[Records from a data collection]
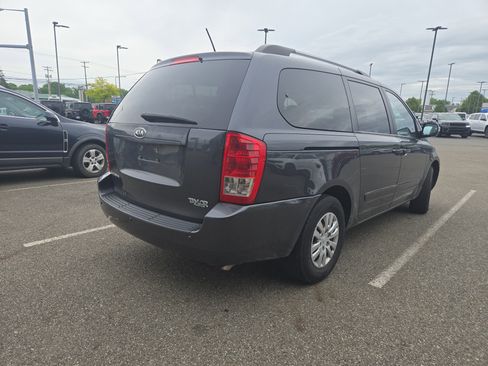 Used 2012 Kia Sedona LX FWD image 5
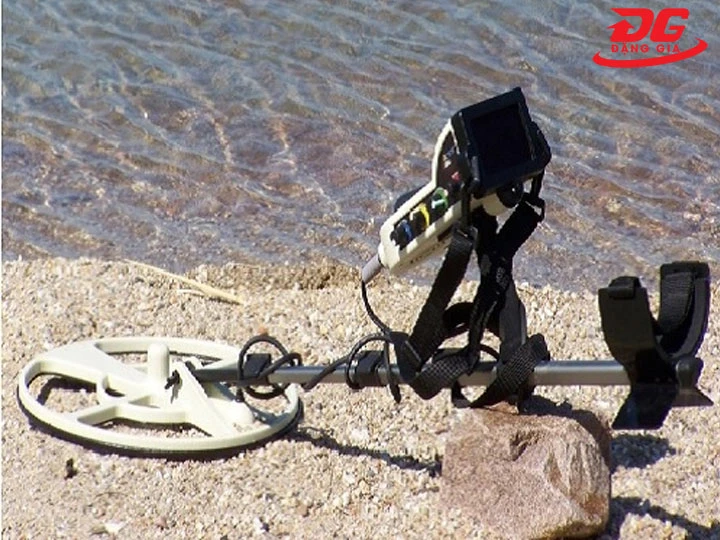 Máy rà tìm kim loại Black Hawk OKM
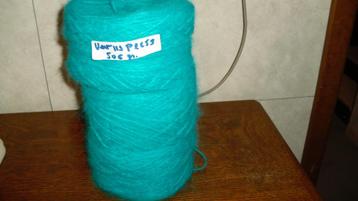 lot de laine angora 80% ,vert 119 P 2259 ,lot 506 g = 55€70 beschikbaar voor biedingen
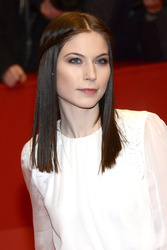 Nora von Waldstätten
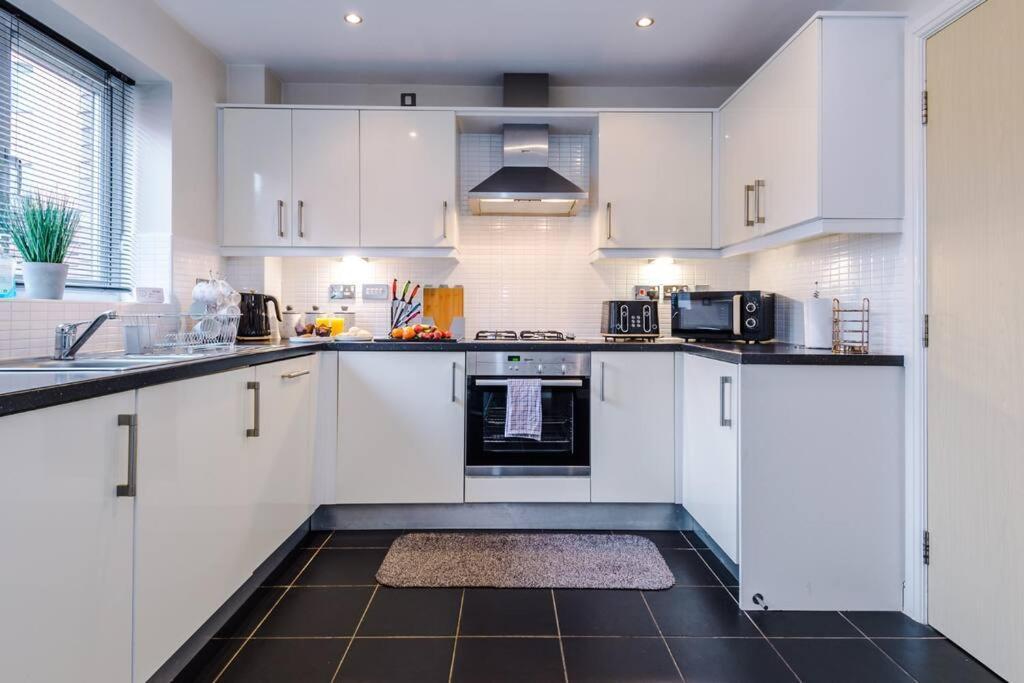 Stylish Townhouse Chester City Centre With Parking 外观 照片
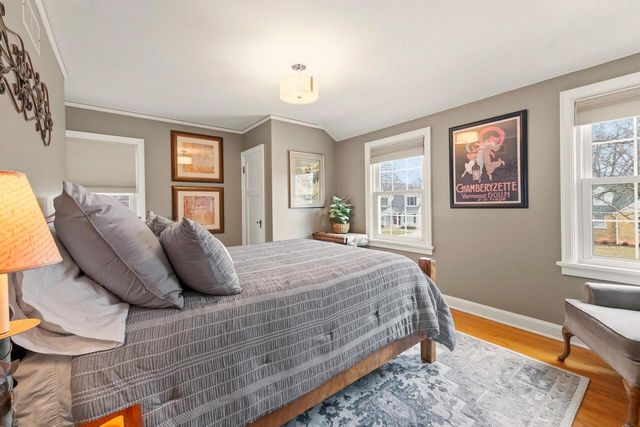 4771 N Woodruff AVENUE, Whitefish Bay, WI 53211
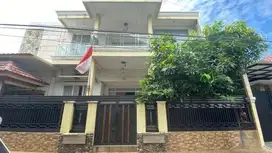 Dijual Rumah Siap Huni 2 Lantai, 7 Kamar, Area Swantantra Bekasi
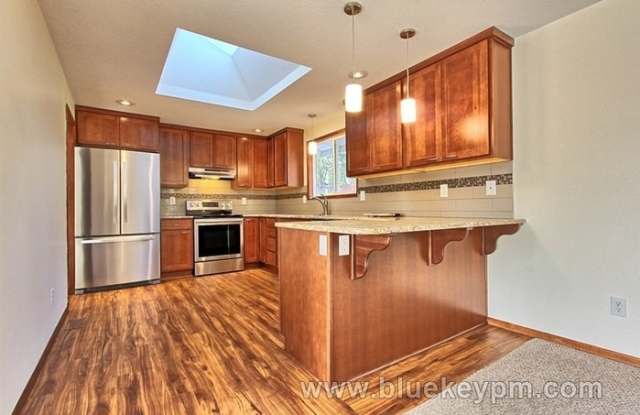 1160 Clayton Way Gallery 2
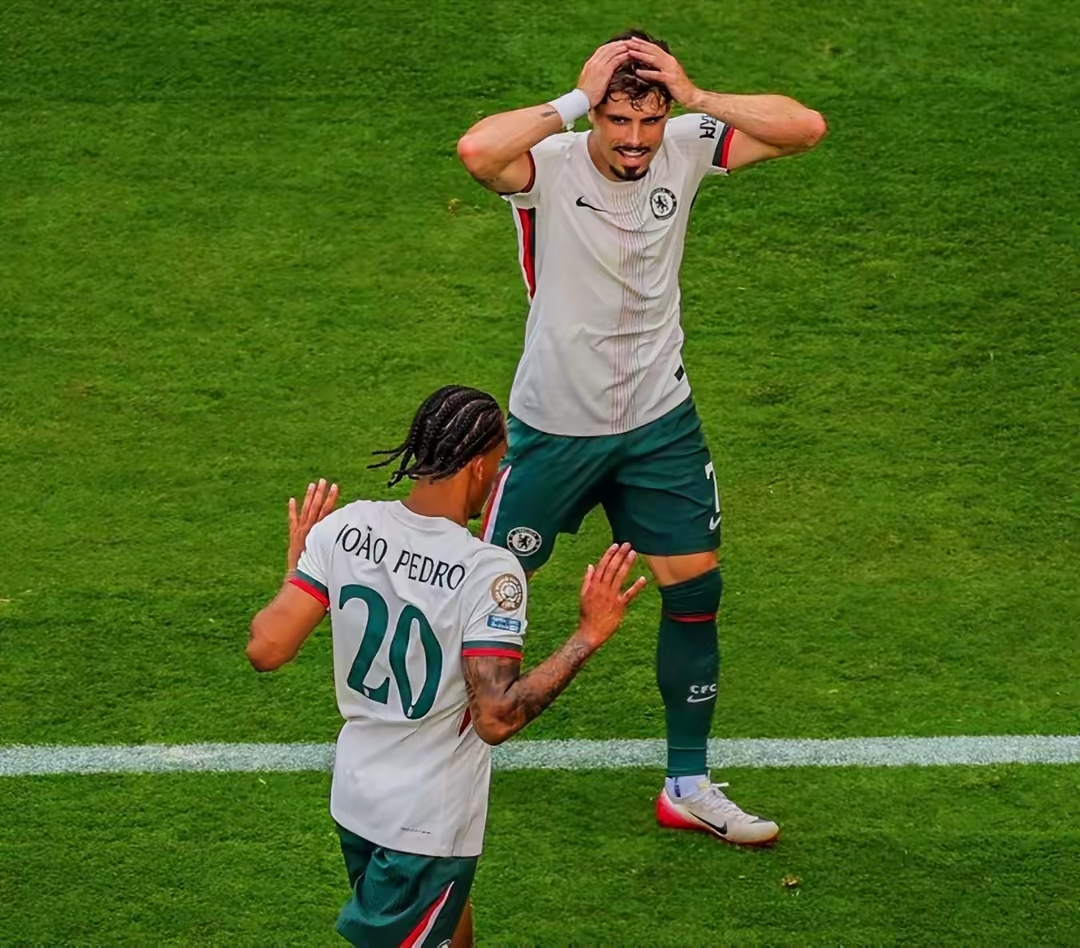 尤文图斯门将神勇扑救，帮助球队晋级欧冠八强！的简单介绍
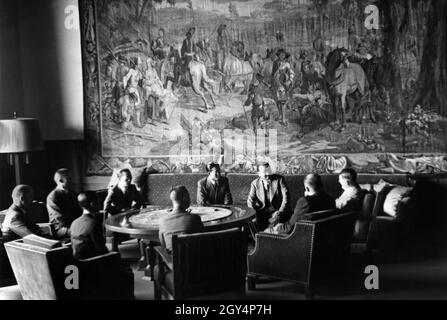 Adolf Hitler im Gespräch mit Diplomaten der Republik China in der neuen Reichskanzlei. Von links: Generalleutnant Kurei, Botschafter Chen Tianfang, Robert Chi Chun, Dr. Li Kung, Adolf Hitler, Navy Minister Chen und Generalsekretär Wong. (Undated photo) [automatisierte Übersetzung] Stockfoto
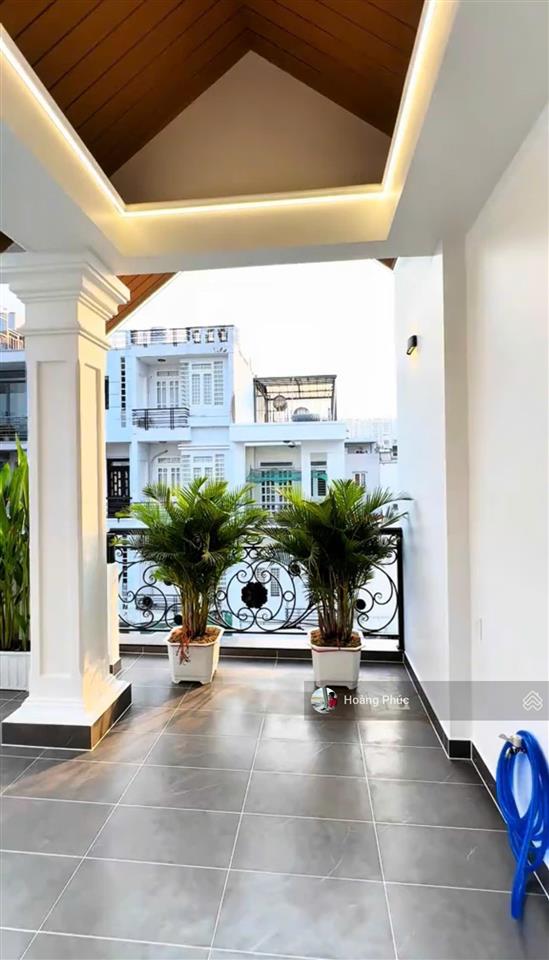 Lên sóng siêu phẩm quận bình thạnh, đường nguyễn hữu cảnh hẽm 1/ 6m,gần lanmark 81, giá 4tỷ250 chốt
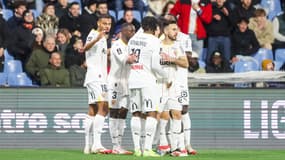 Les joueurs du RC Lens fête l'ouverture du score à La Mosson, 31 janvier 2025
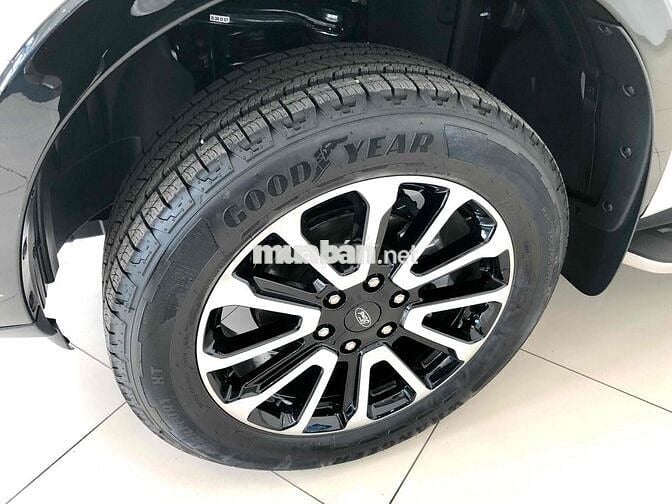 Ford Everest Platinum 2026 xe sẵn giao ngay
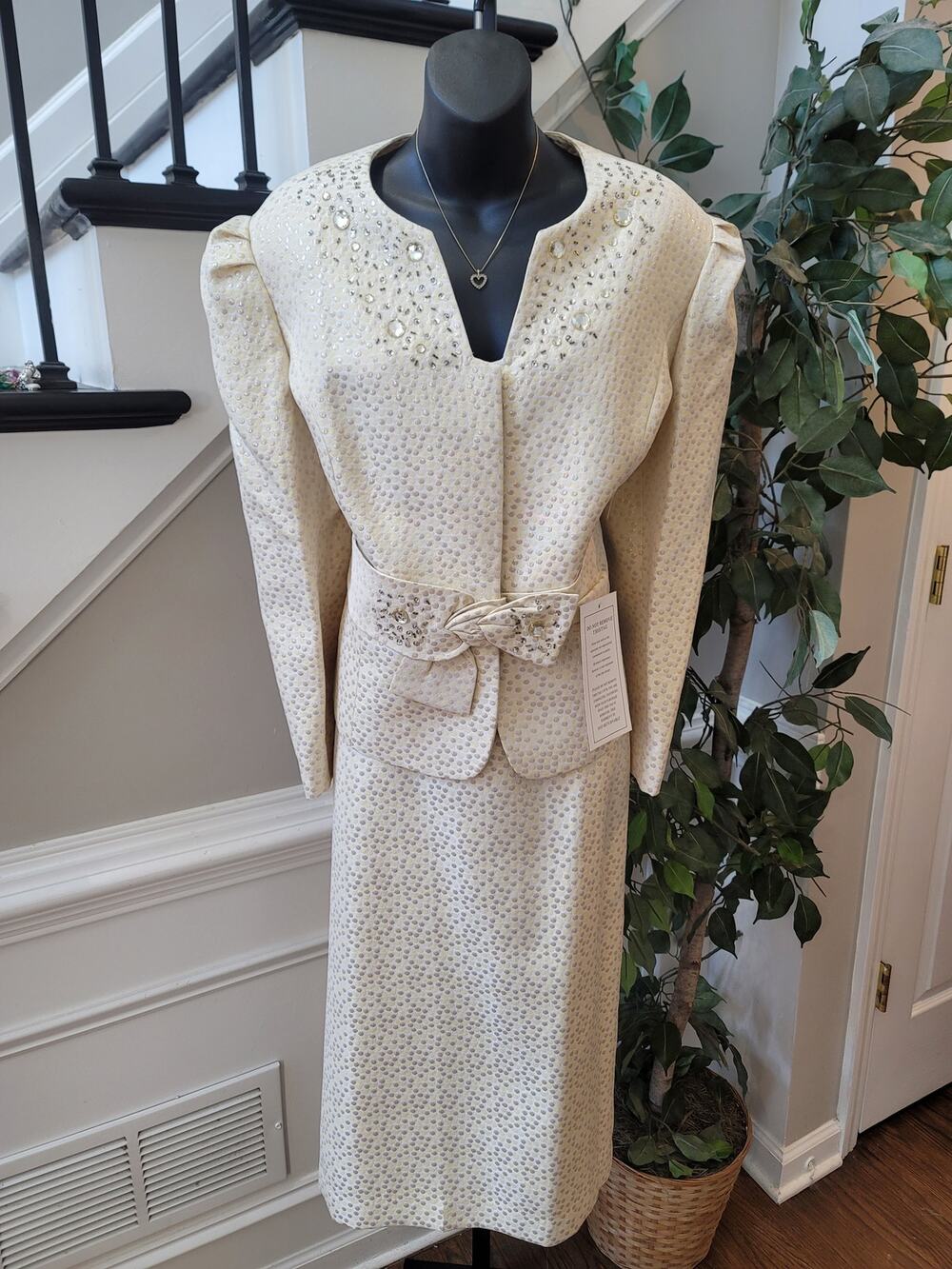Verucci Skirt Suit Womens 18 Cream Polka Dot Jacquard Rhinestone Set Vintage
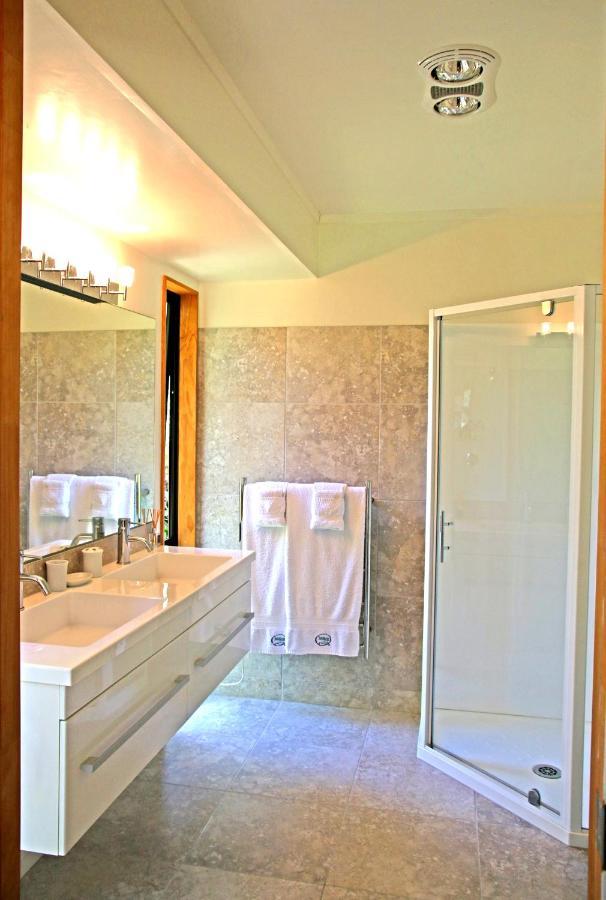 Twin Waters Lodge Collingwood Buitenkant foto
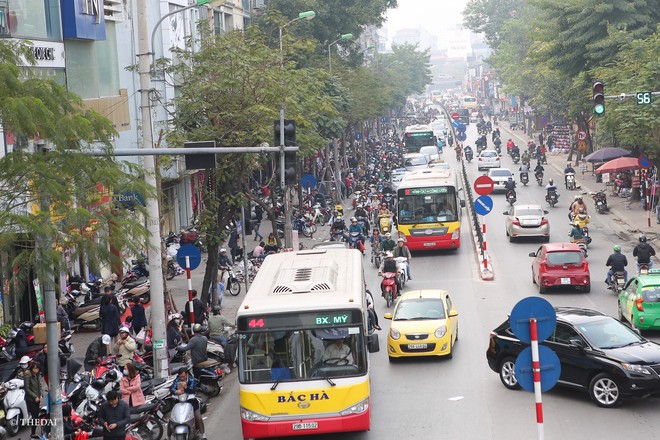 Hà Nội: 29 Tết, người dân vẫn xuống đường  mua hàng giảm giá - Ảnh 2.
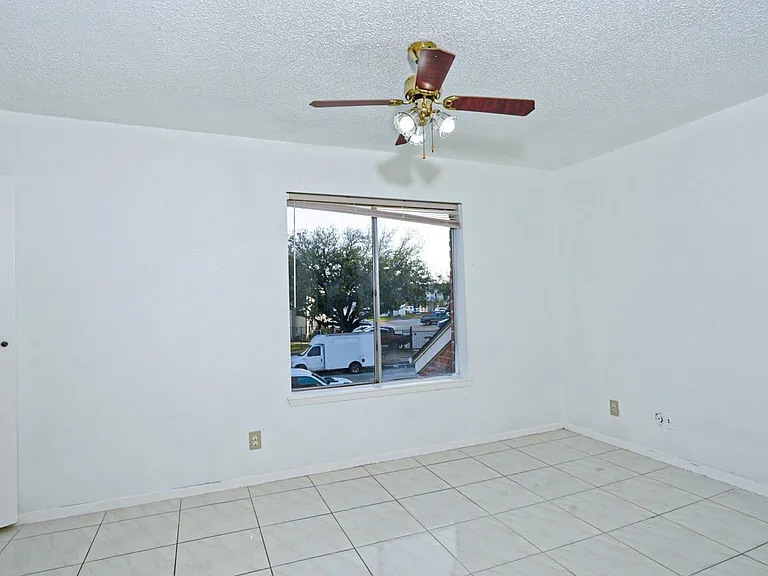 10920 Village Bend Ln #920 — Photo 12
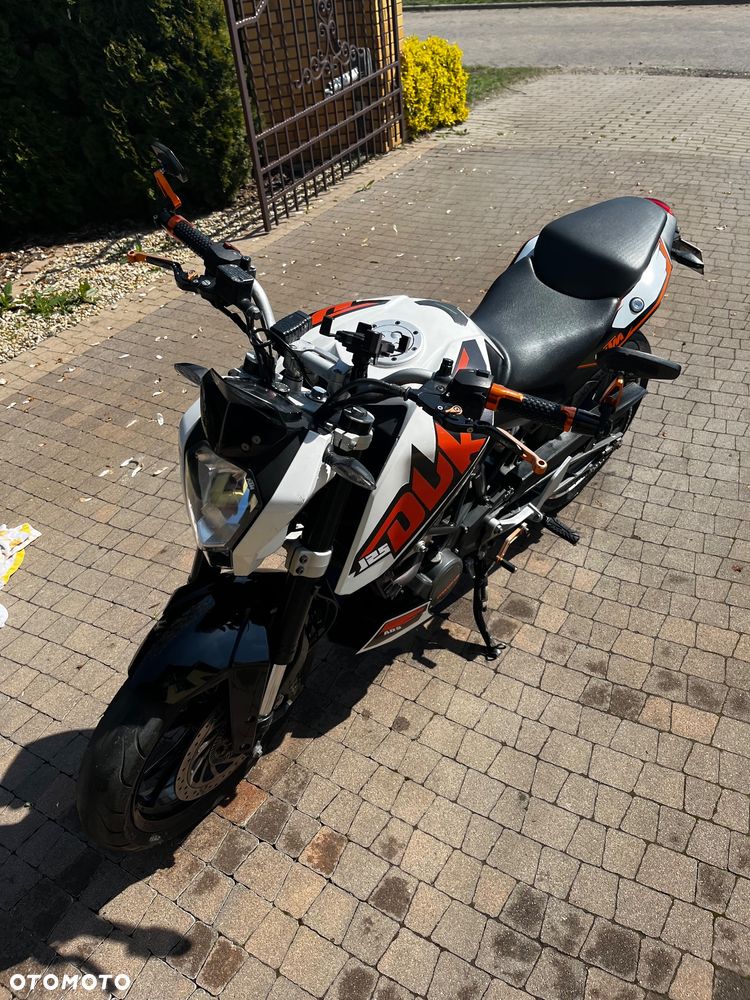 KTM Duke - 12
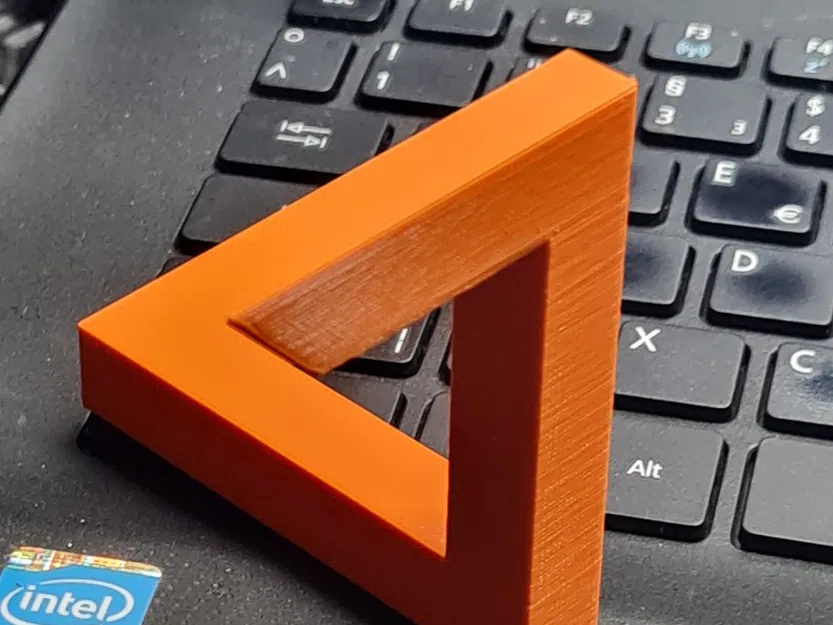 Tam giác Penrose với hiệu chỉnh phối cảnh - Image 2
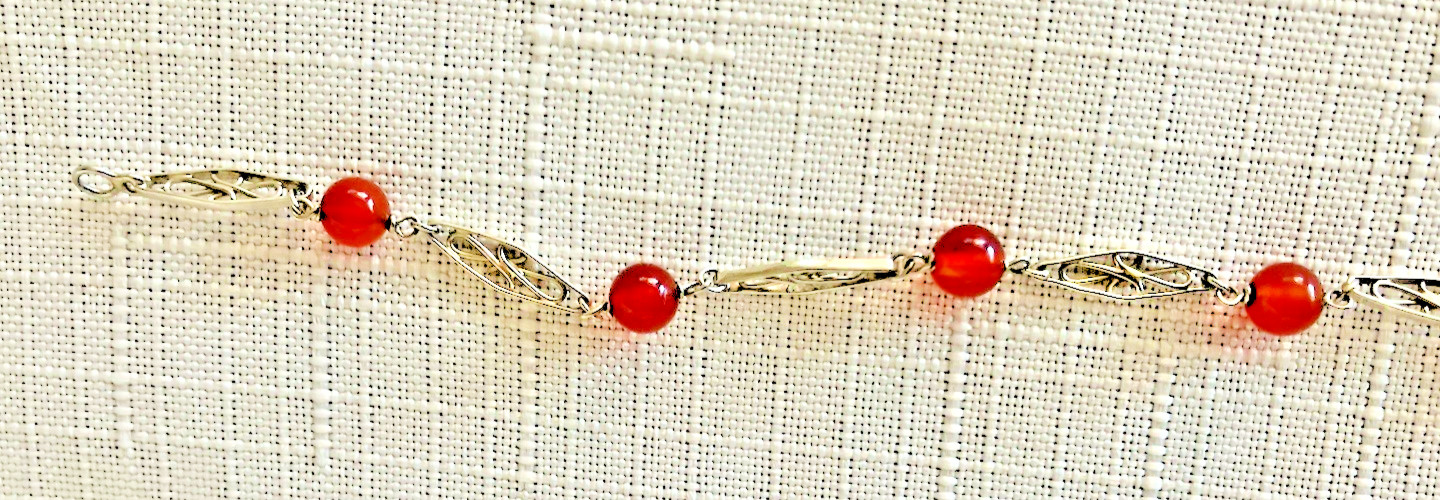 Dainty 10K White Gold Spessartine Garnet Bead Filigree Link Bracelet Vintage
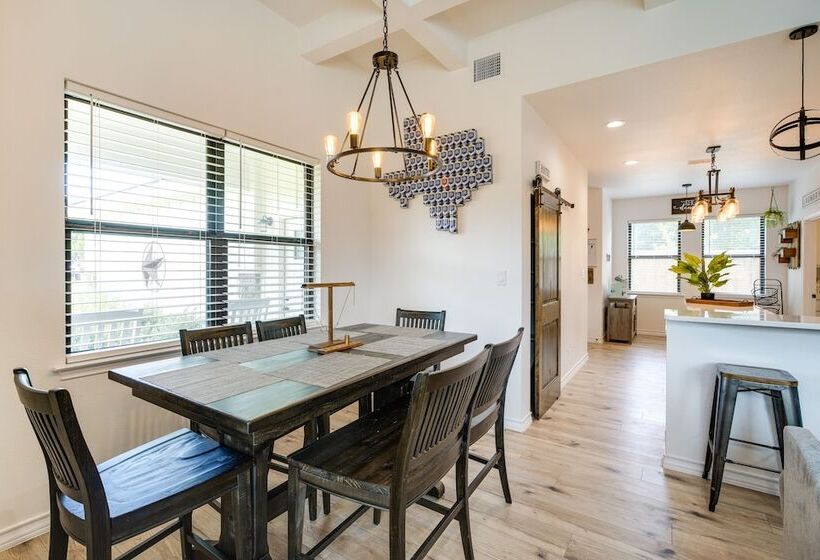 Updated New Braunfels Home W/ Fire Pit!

Exercise prompt: Transcribe every entry exactly. Leave out the pictures.

Solved problem:
 Used 2012 Kia Sedona LX FWD image 5
 Máy rà tìm kim loại Black Hawk OKM
 lot de laine angora 80% ,vert 119 P 2259 ,lot 506 g = 55€70 beschikbaar voor biedingen
 Nora von Waldstätten
 Stylish Townhouse Chester City Centre With Parking 外观 照片
 4771 N Woodruff AVENUE, Whitefish Bay, WI 53211
 Dijual Rumah Siap Huni 2 Lantai, 7 Kamar, Area Swantantra Bekasi
 1160 Clayton Way Gallery 2
 尤文图斯门将神勇扑救，帮助球队晋级欧冠八强！的简单介绍
 Adolf Hitler im Gespräch mit Diplomaten der Republik China in der neuen Reichskanzlei. Von links: Generalleutnant Kurei, Botschafter Chen Tianfang, Robert Chi Chun, Dr. Li Kung, Adolf Hitler, Navy Minister Chen und Generalsekretär Wong. (Undated photo) [automatisierte Übersetzung] Stockfoto
 Lên sóng siêu phẩm quận bình thạnh, đường nguyễn hữu cảnh hẽm 1/ 6m,gần lanmark 81, giá 4tỷ250 chốt
 Les joueurs du RC Lens fête l'ouverture du score à La Mosson, 31 janvier 2025
 Ford Everest Platinum 2026 xe sẵn giao ngay
Verucci Skirt Suit Womens 18 Cream Polka Dot Jacquard Rhinestone Set Vintage
 Twin Waters Lodge Collingwood Buitenkant foto
 Hà Nội: 29 Tết, người dân vẫn xuống đường  mua hàng giảm giá - Ảnh 2.
 10920 Village Bend Ln #920 — Photo 12
 KTM Duke - 12
 Tam giác Penrose với hiệu chỉnh phối cảnh - Image 2
 Dainty 10K White Gold Spessartine Garnet Bead Filigree Link Bracelet Vintage
 Updated New Braunfels Home W/ Fire Pit!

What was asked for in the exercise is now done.